GROWTH, ELECTRICAL-PROPERTIES AND RECIPROCAL LATTICE MAPPING CHARACTERIZATION OF HEAVILY B-DOPED, HIGHLY STRAINED SILICON-MOLECULAR BEAM EPITAXIAL STRUCTURES

The growth, electrical and structural characterization of heavily B-doped Si layers produced by molecular beam epitaxy is reported. B doping was obtained from an elemental B source by indirect heating of a graphite crucible in a thin, meander-shaped graphite heater. High doping levels up to 9 X 10(20) cm(-3) were achieved in structures which showed excellent epitaxial quality and bulk-like mobilities for growth temperatures less than or equal to 500 degrees C. The growth temperature (T-g) dependence of the electrical activation is reported in relation to the dopant incorporation and crystalline quality. At T-g greater than or equal to 600 degrees C and high doping levels, poor electrical activation due to dopant segregation and precipitation was observed.

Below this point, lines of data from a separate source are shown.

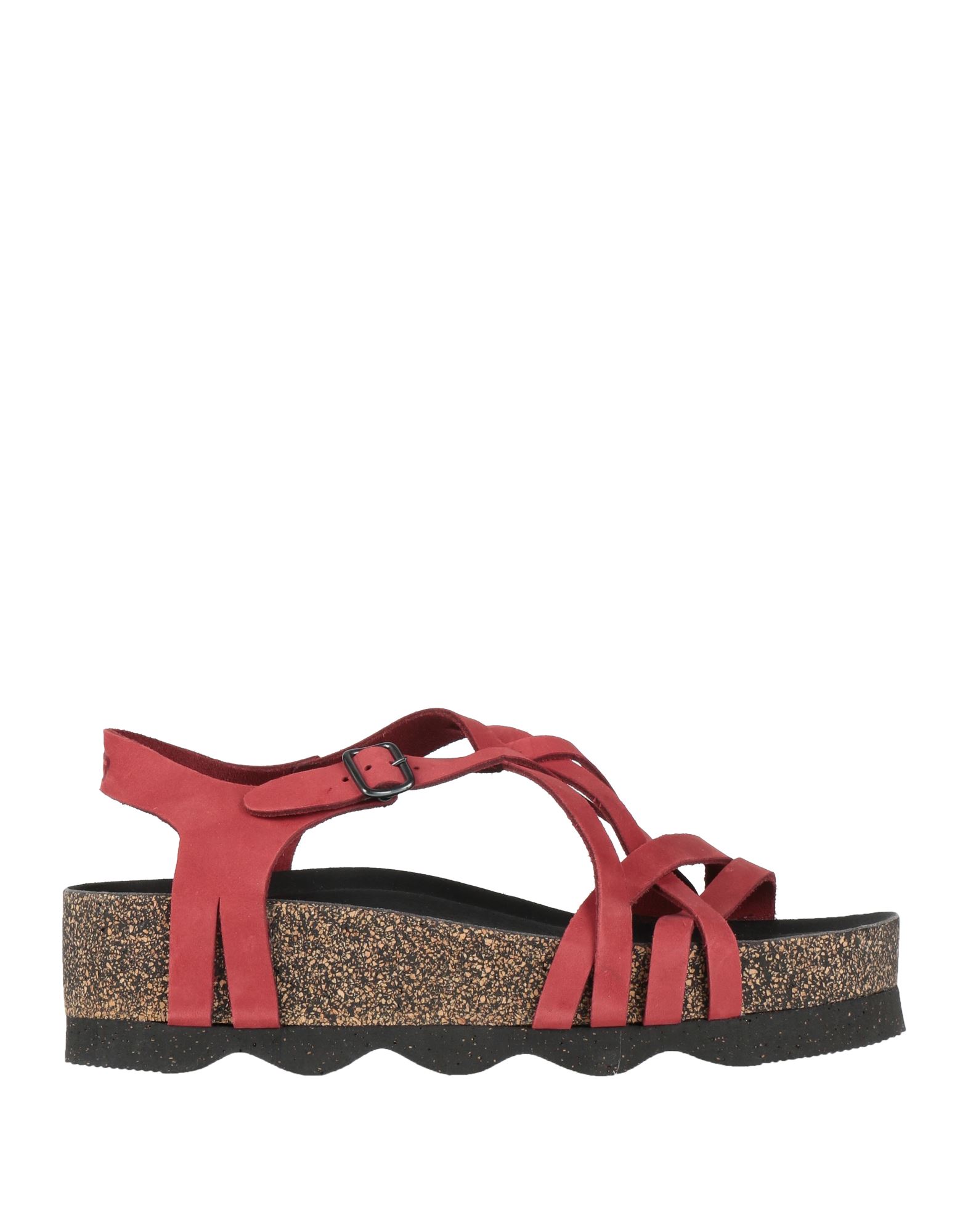 LOINTS OF HOLLAND Sandale Damen Rot LOINTS OF HOLLAND Sandale Damen Rot von LOINTS OF HOLLAND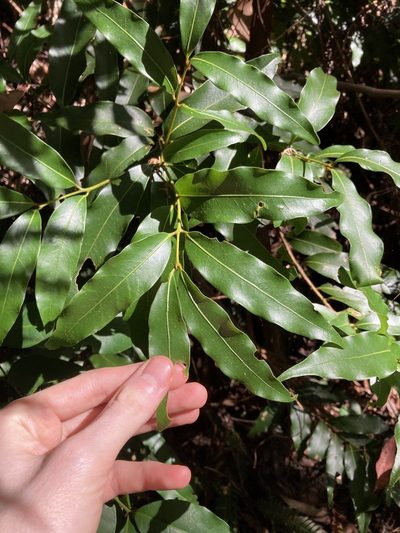 Cinnamomum oliveri, photographed by Thomas Mesaglio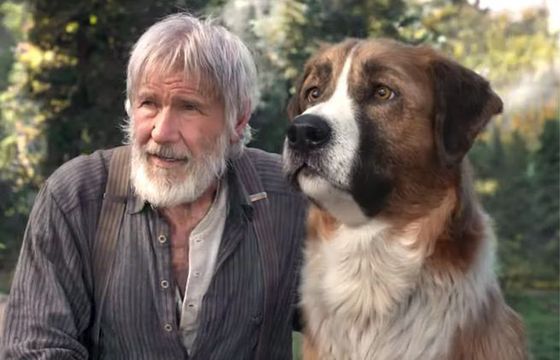 Harrison Ford w filmie "Zew krwi"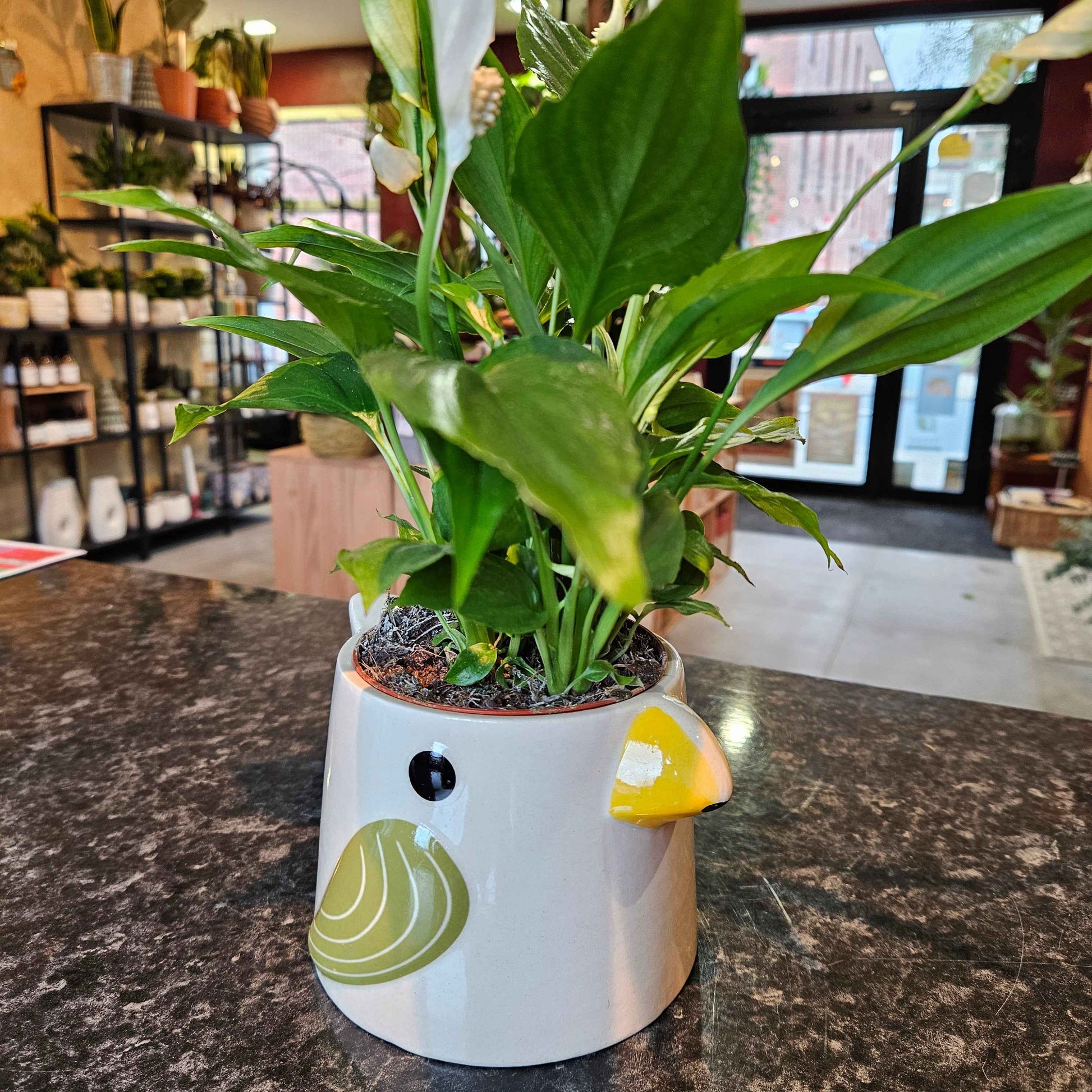 Cache-Pot Oiseau 🌿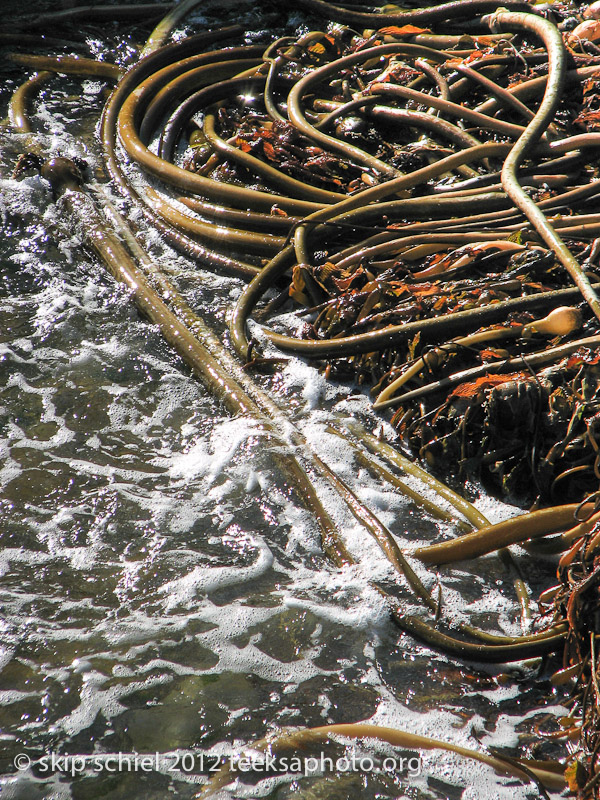 Point Lobos California-0622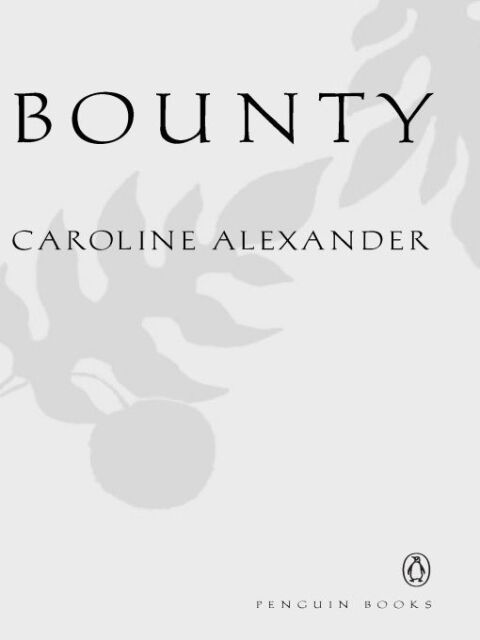 Cover image for book The Bounty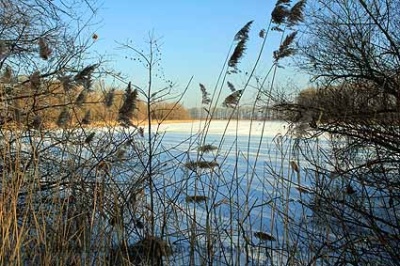 07.jpg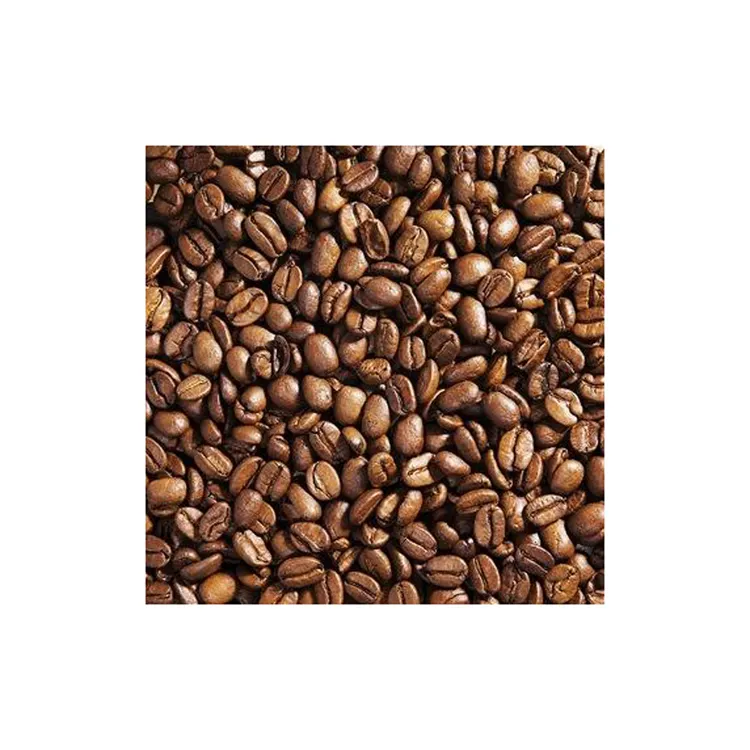 メーカーからのカスタマイズされた包装高品質のロブスタコーヒー豆競争力のある価格良い味防腐剤なし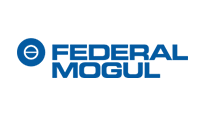 Federal Mogul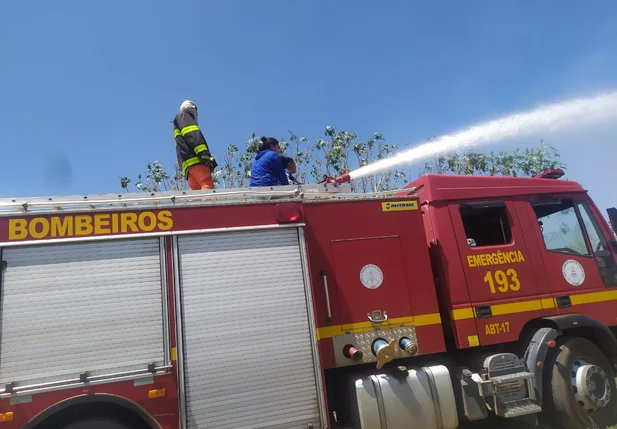Voluntários e Corpo de Bombeiros tentam conter as chamas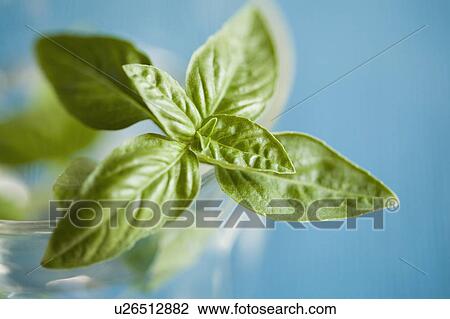 Stock Image - Herb basil. Fotosearch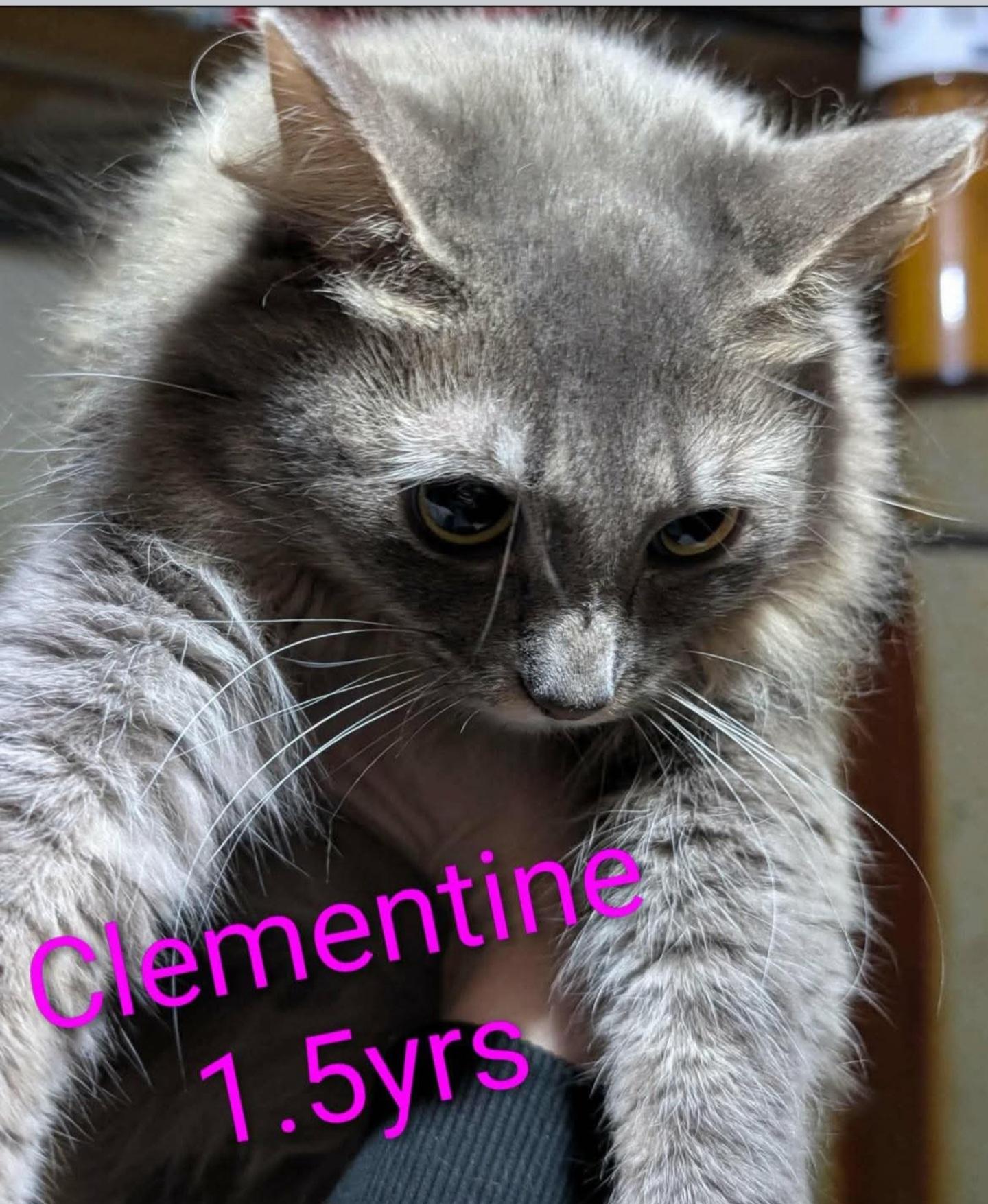 Enlarge CLEMENTINE , a ADOPTABLE mixed breed in Harrison, MI image 4/4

The B-induced lattice strain in the Si epilayer was determined by means of a two-dimensional high-resolution mapping of the reciprocal space. The lattice contraction coefficient was measured to be (6.3 +/- 0.1) x 10(-24) cm(3)/atom by considering the concentration of carriers which should be in substitutional positions. Strain characterization of samples with strongly reduced electrical activation, i.e. grown at T-g greater than or equal to 600 degrees C, showed that the lattice contraction is related to the effectively incorporated and activated fraction of carriers rather than to the total dopant concentration.